Development (EGI Owns)

Phases: Discovery, Design, Build, Test

During active development, EGI is solely responsible for all aspects of the product.

ResponsibilityOwner
Bug triage and resolutionEGI engineering
Environment management (dev, staging)EGI engineering
Client-reported issues during UATEGI project lead
Infrastructure provisioningEGI engineering

Support channels: Internal Slack channels (#project-[name]) and client Slack Connect (#client-[name]).

There are no formal SLAs during development. Issues are prioritized within the sprint backlog according to severity and impact on the development timeline.

Launch and Stabilization (EGI Primary, Anchor Monitoring)

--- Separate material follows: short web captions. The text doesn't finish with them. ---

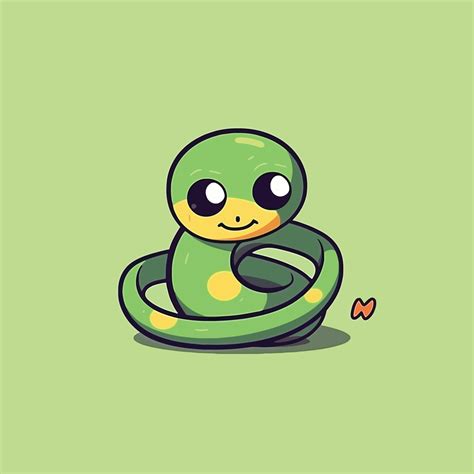 Cute Kawaii Snake Chibi Mascot Vector Cartoon Style 23170621 Vector Art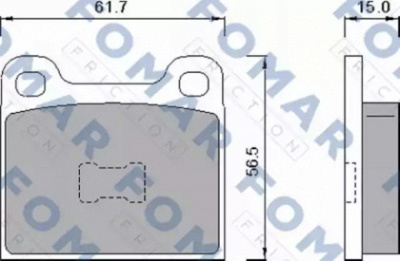 FOMAR FRICTION fo460888 -  Комплект тормозных колодок, дисковый тормоз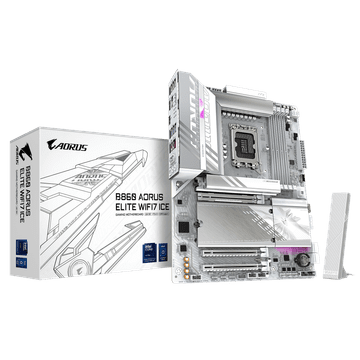 Gigabyte B860 AORUS ELITE WIFI7 ICE matična ploča, LGA1851, ATX, DDR5, WiFi7
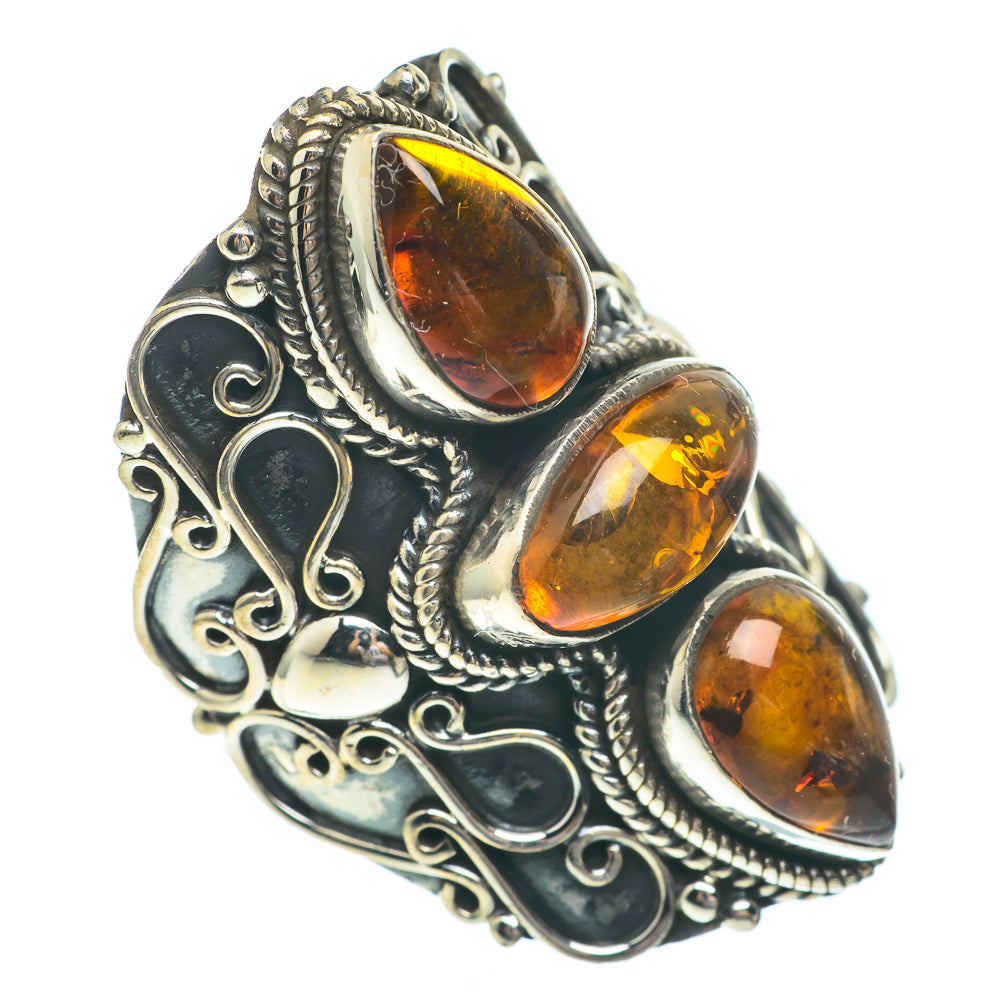 Baltic Amber Rings handcrafted by Ana Silver Co - RING61459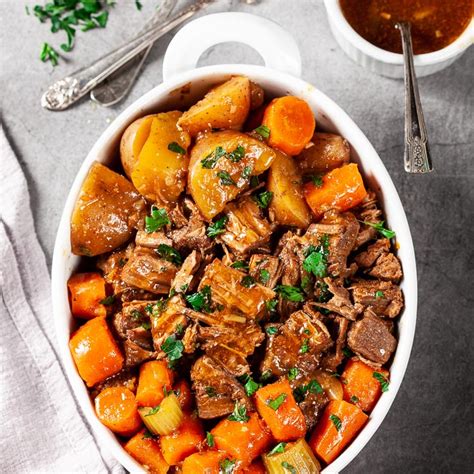 instant-pot-beef-pot-roast-with-gravy-chew-out-loud image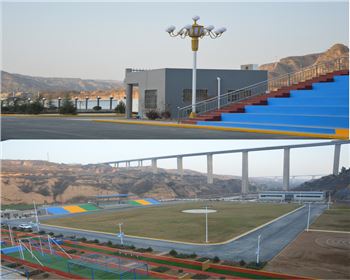 廣場高桿燈、中華燈-陜西渭南合陽特警訓(xùn)練基地廣場照明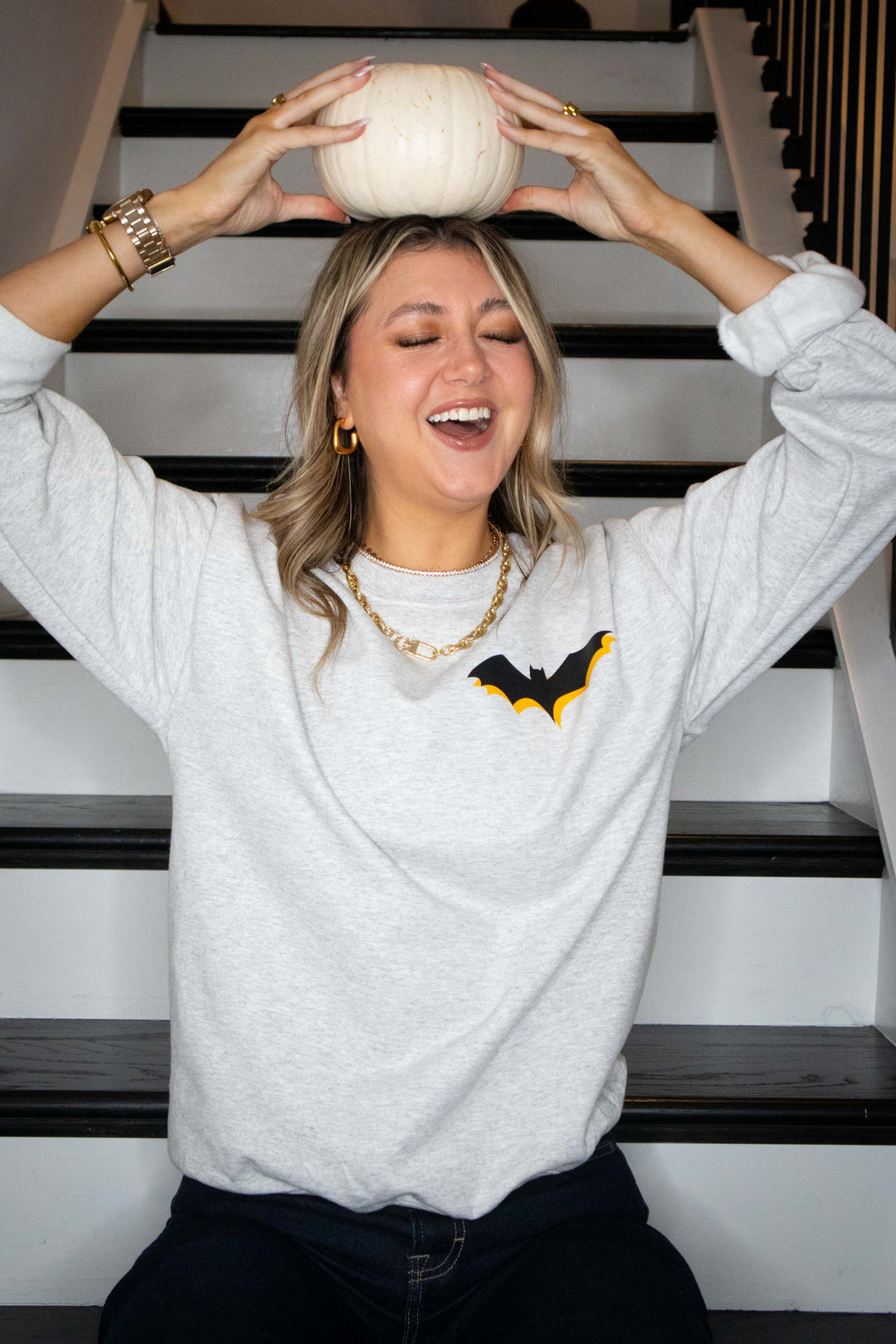 Home Is Where the Haunt Is Haunted House Light Gray Sweatshirt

Phases: Launch, first 30 days post-launch

EGI remains the primary owner during launch and the 30-day stabilization period. Anchor MSP begins onboarding and shadowing during this time.

ResponsibilityOwner
Production incident responseEGI engineering (primary)
Monitoring and alertingEGI + Anchor (shared)
Bug fixes and hotfixesEGI engineering
Client communication for issuesEGI project lead
Runbook onboardingAnchor operations
Shadow on-callAnchor operations

Key activities during stabilization:

  1. EGI handles all production incidents and bugs directly
  2. Anchor monitors dashboards and alerts alongside EGI to build familiarity
  3. Anchor reviews the runbook and asks clarifying questions
  4. EGI documents any new operational patterns discovered during stabilization
  5. Anchor begins handling routine operational tasks (backups, certificate checks) under EGI supervision

Post-Handoff (Anchor Operations, EGI Application-Level)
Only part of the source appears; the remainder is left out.